To fragment tekstu z pracy magisterskiej opisujący w przejrzysty sposób moje postanowienia. Cała twórczość opierała się na tworzeniu własnego miejsca, w którym nie muszę się przejmować czasem, śmiercią, degradacją czy konsekwencjami własnych czynów. Stawiałem się w roli istoty wszechmogącej z wielkim żalem, że tylko w mojej głowie. Starałem się podejmować decyzje wobec postaci i należących do nich miejsc, a następnie rozważać problemy etyczne dotyczące ich i mnie samego.
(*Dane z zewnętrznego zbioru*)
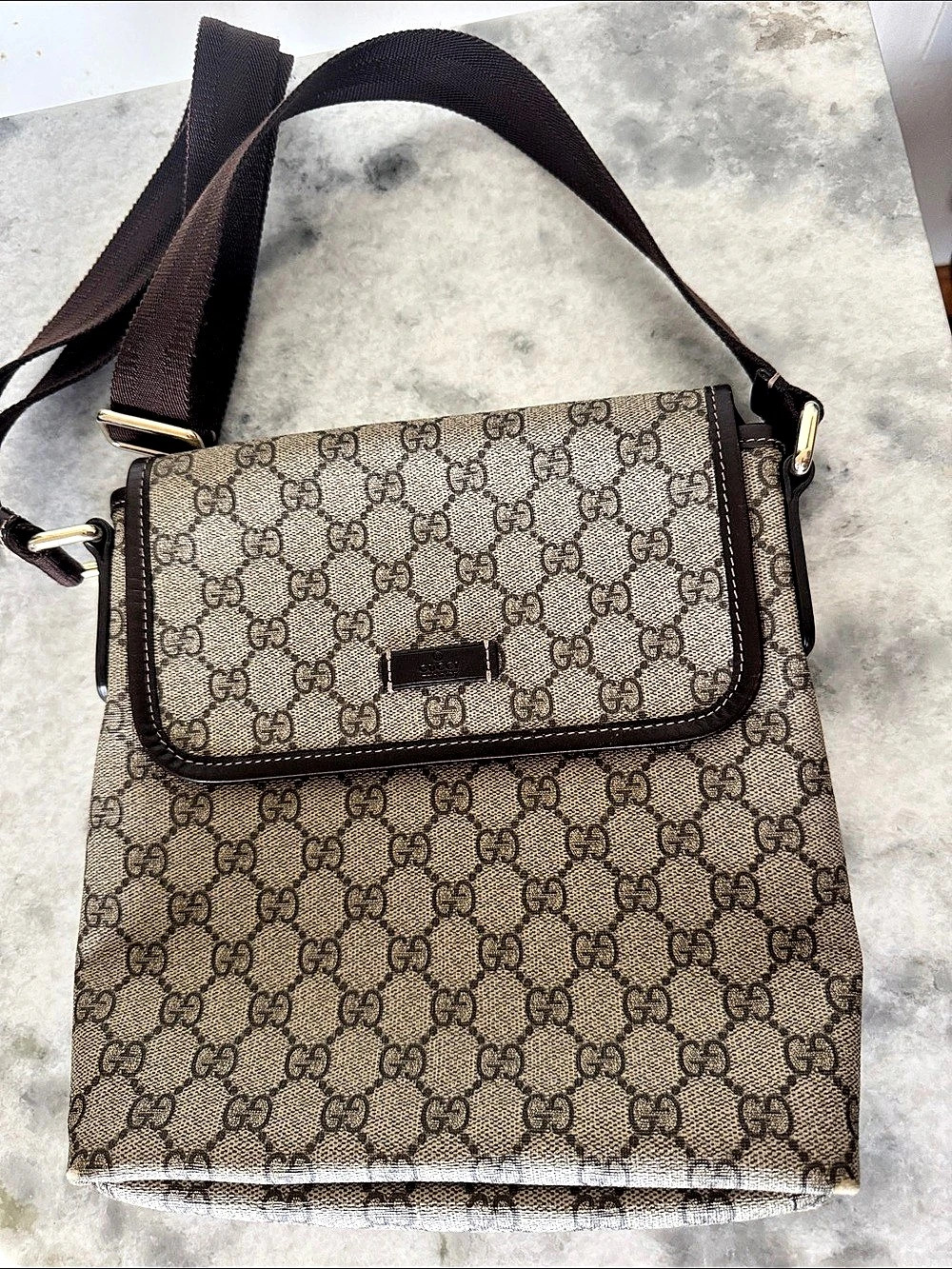 Gucci GG Monogram Canvas Flap Messenger Bag Brown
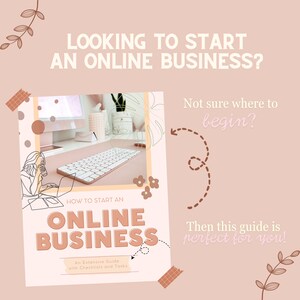 Puede incluir: Un gr&aacute;fico rosa y marr&oacute;n con el texto "&iquest;Buscas empezar un negocio online?" y "C&oacute;mo empezar un negocio online: Una gu&iacute;a completa con listas de verificaci&oacute;n y tareas".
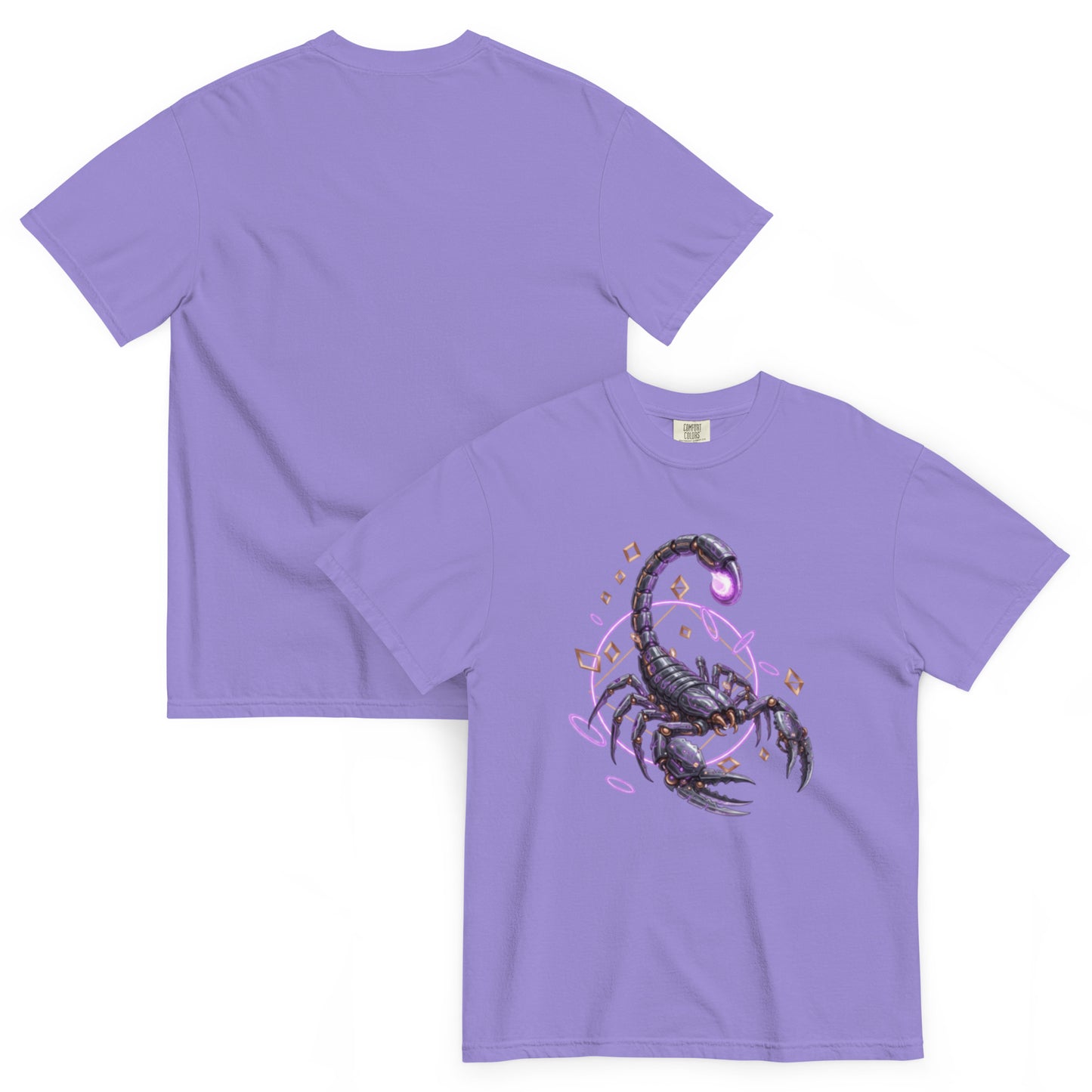 ANTARES – T-shirt épais scorpion futuriste lavande – Cyber Créatures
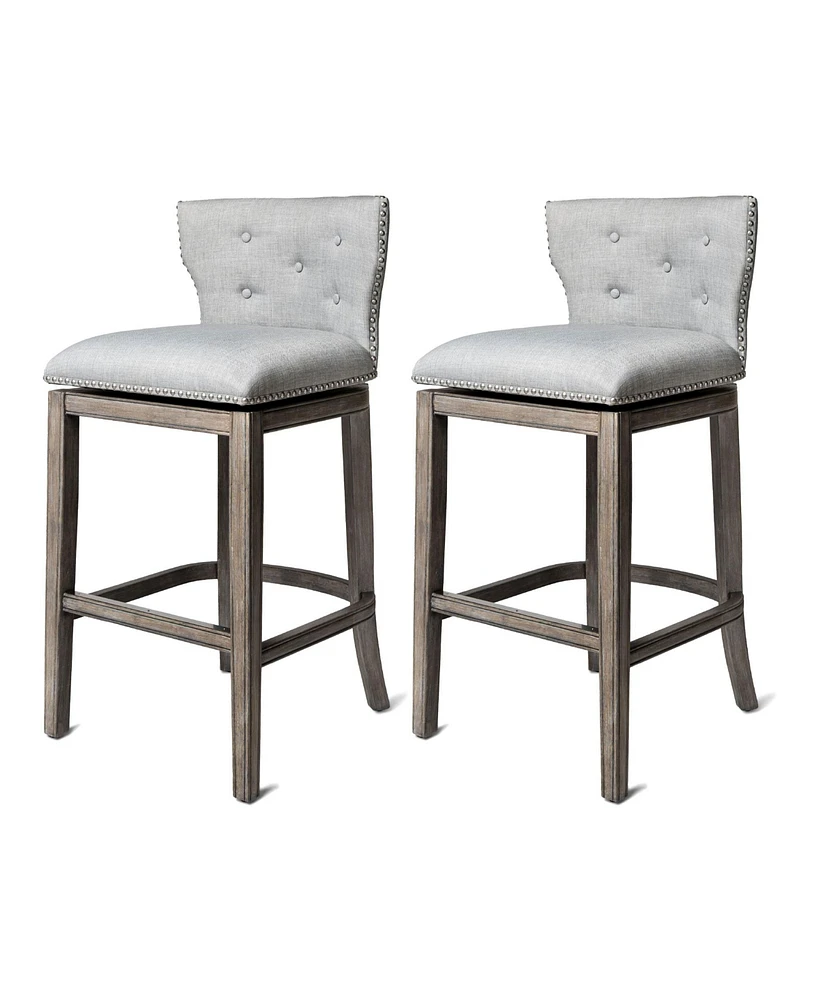 Maven Lane Hugo Bar Stool in Reclaimed Oak Finish with Ash Grey Fabric, Set of 2
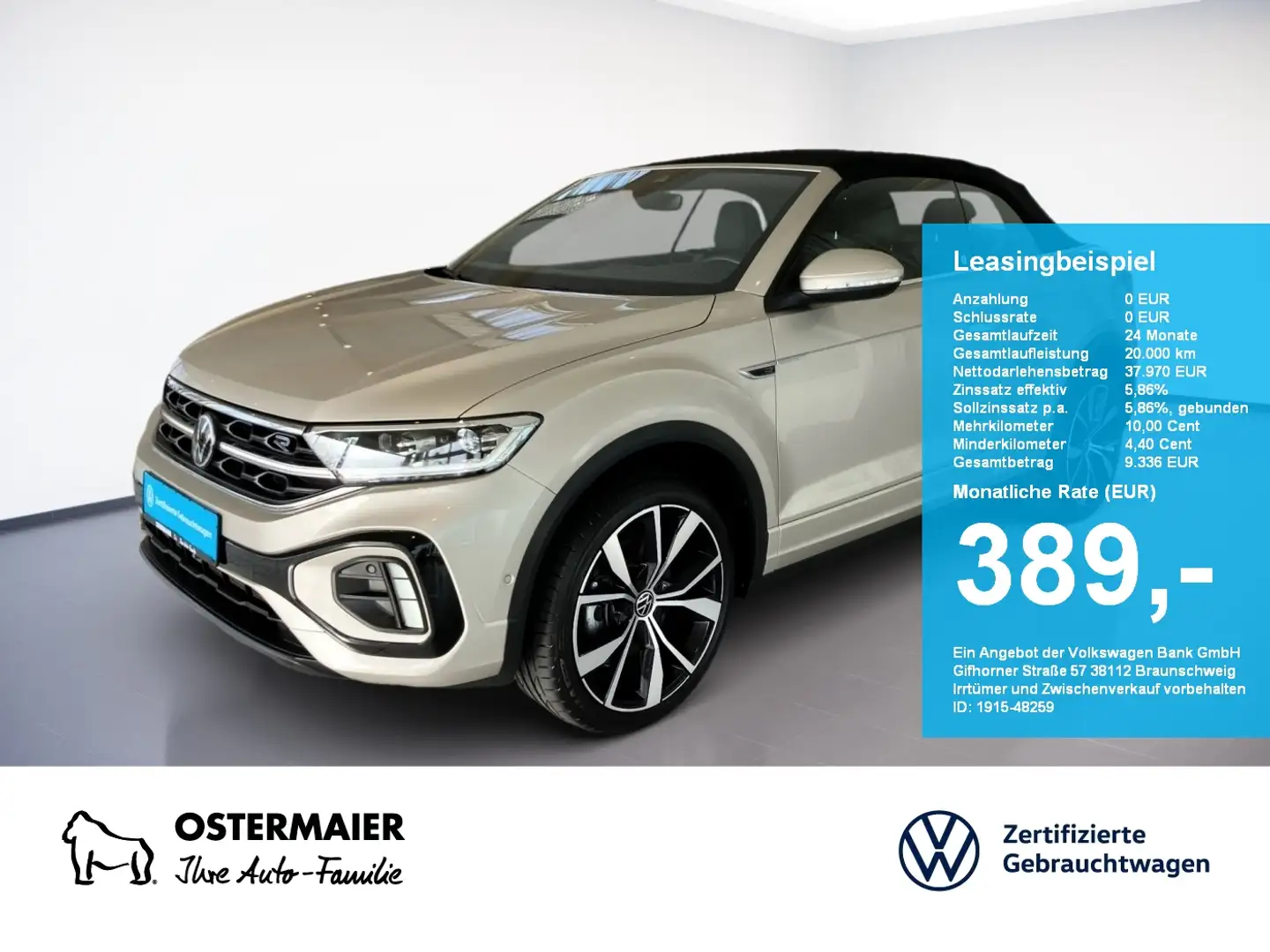 Volkswagen T-Roc Cabriolet R-LINE 1.5TSI 150PS DSG ACC.5J-G.AHK.STH Weiß - 1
Odbijałem sobie tym samym poczucie mijającego czasu, rozmyślania nad bezsensownością istnienia; było to spełnianiem dziecięcych marzeń kontroli nad wszystkim, czego się dotknie, nadawania rzeczom życia siłą wyobraźni. Jednocześnie odrobinę zaspokajając swoje ciemne dążenia i potrzebę brutalności, do sedna której próbowałem dojść, przedzierając się przez literaturę, co skutkowało nawarstwianiem się kolejnych pytań.
Wynikiem, jakim mogę się podzielić, jest jedynie seria obrazów oraz rysunków, która mniej lub bardziej pozwoliła mi się odegrać na tych myślach.
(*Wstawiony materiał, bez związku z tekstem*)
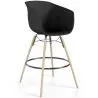 Tabouret de Bar - Design Scandinave - Pieds en Bois Naturel - Melania image 9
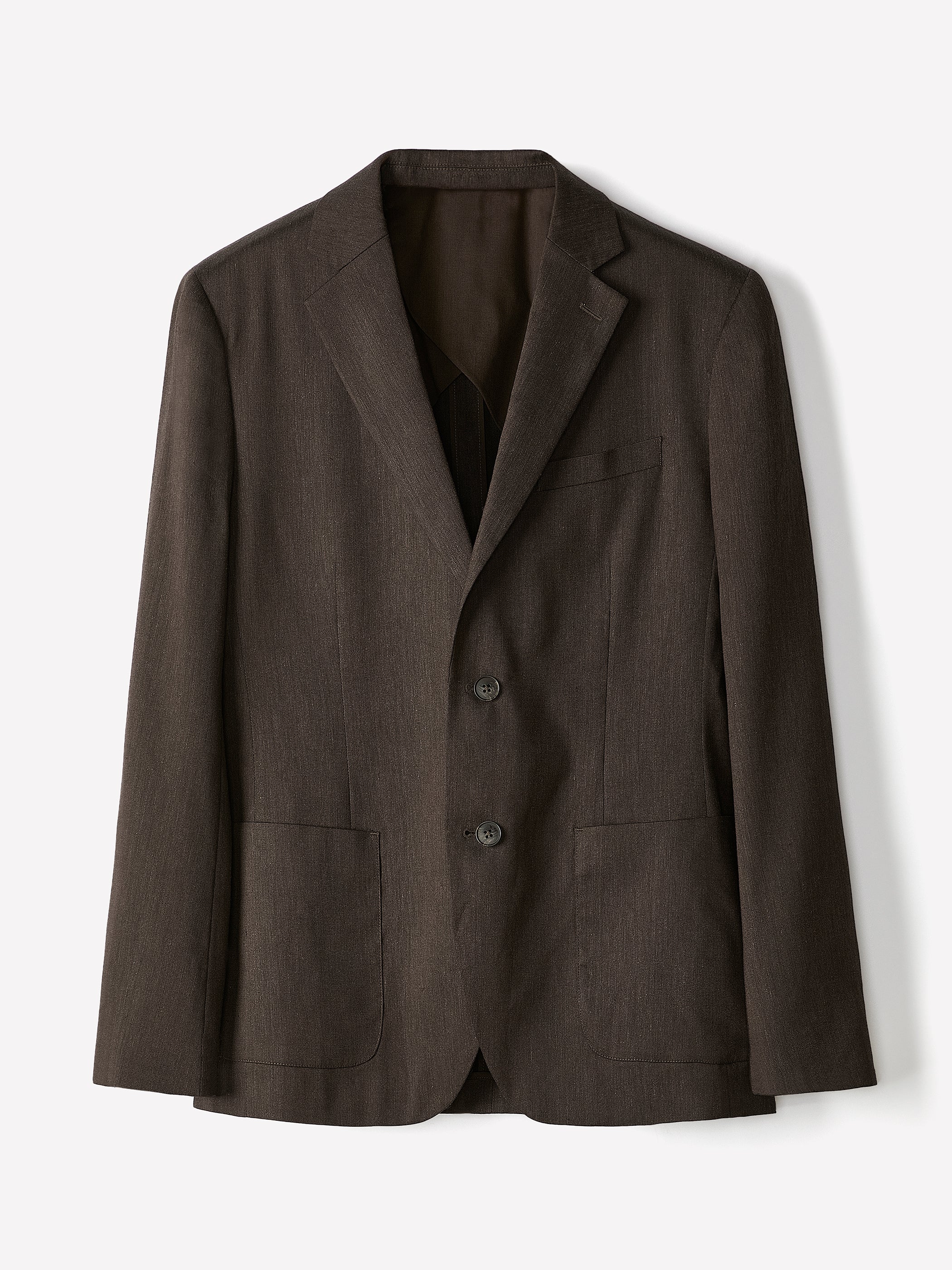 RW&CO Slim-Fit Brown Linen-Blend Blazer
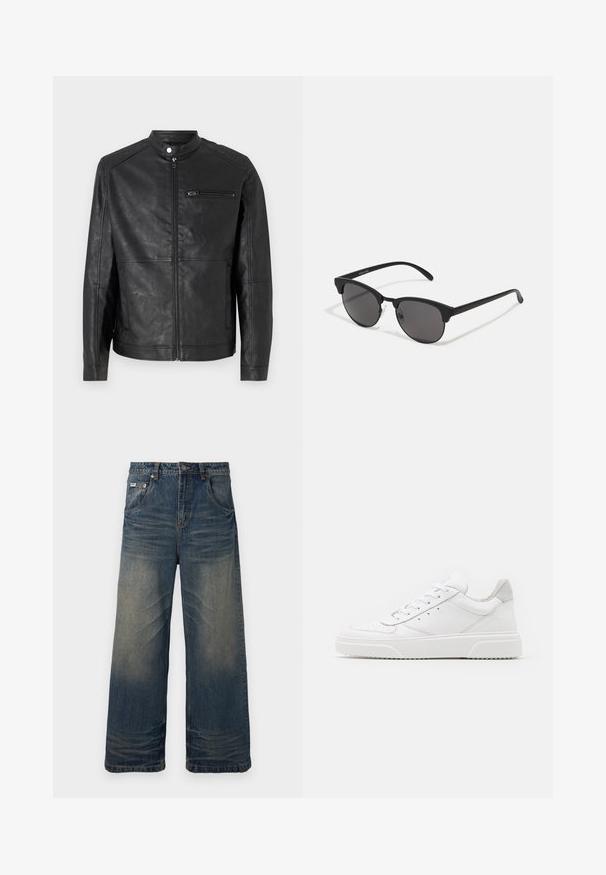 Musta nahkatakki, jossa on pystykaulus, etuvetoketju ja va horizontal-ompeleet olkapäillä. Varustettu vetoketjullisella rintataskulla.; Valkoinen puuvillapaita lyhyillä hihoilla, pyöreällä kaula-aukolta ja rentoa istuvuutta. Sujuva pinta ilman näkyviä kuvioita tai korostuksia.; The Ragged Priest MAVERICK WIDE - Baggy-farkut - dark blue dirty; Valkoiset nahkakengät, joissa on sileä pinta, pyöreä kärki, litteät nauhat ja teksturoitu pohja. Harmaa mokkanahka korostaa kantapäätä.; Mustat aurinkolasit pyöreillä linsseillä, matalla pinnalla ja erottuvalla kissamaisella muodolla. Kapeat taitteet, joissa on huomaamaton brändäys vasemmassa temppeleissä.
„Wiem na pewno, że człowiek w tym świecie jest raczej na przegranej pozycji, ponieważ jest skazany na funkcjonowanie w warunkach, które są niemożliwe, bo ja je tak układam. Musi oglądać te wszystkie figury i płotki, które nie mają sensu, tam gdzie są, a już na pewno dla niego. Jest w tym jakaś tajemnica, której on nie ma prawa rozwikłać, ponieważ ja, tworzący to, jej jeszcze nie rozpracowałem. I to chyba dobrze, bo właśnie ta niewiedza zawsze jest najmocniejsza i najsmaczniejsza. Nie wydaje mi się, żeby dopowiadanie komukolwiek wyszło na zdrowie. Słowa zabijają, a ja nie tworzę abstrakcji ani sztuki konceptualnej, która nie obejdzie się bez opisu. Chcę tylko kolekcjonować cały ten chory mentalny grajdoł choćby dla faktu, że mogę i chcę sobie zrobić przyjemność tym, w jaką formę go ubiorę”.
„Całość może trochę przypominać zabawę dziecka, które ma dwa samochody i kawałek dywanu. Słońce wpada do pokoju i cała reszta to wyobraźnia. Tak samo próbuję knuć, wprowadzić się w taki stan zawieszenia. Przypominam sobie sytuacje, kiedy ślęczałem nad jakimiś klockami czy figurkami; dziwność sytuacji wykraczała poza skalę. Były to zwykłe rzeczy, ale w mojej głowie te dobrze rozpoznawalne i opisane przedmioty potrafiły wszystko, bez tracenia tej głupiej zabawkowej formy. Pomimo tego, ich akcje miały taką samą moc w mojej głowie. Robiły rzeczy bez wyjaśnień, przez co nabierały właśnie tej nieprzewidzianej dwuznaczności, którą czuję w tym dopiero z biegiem czasu, kiedy wspominam przeszłość”.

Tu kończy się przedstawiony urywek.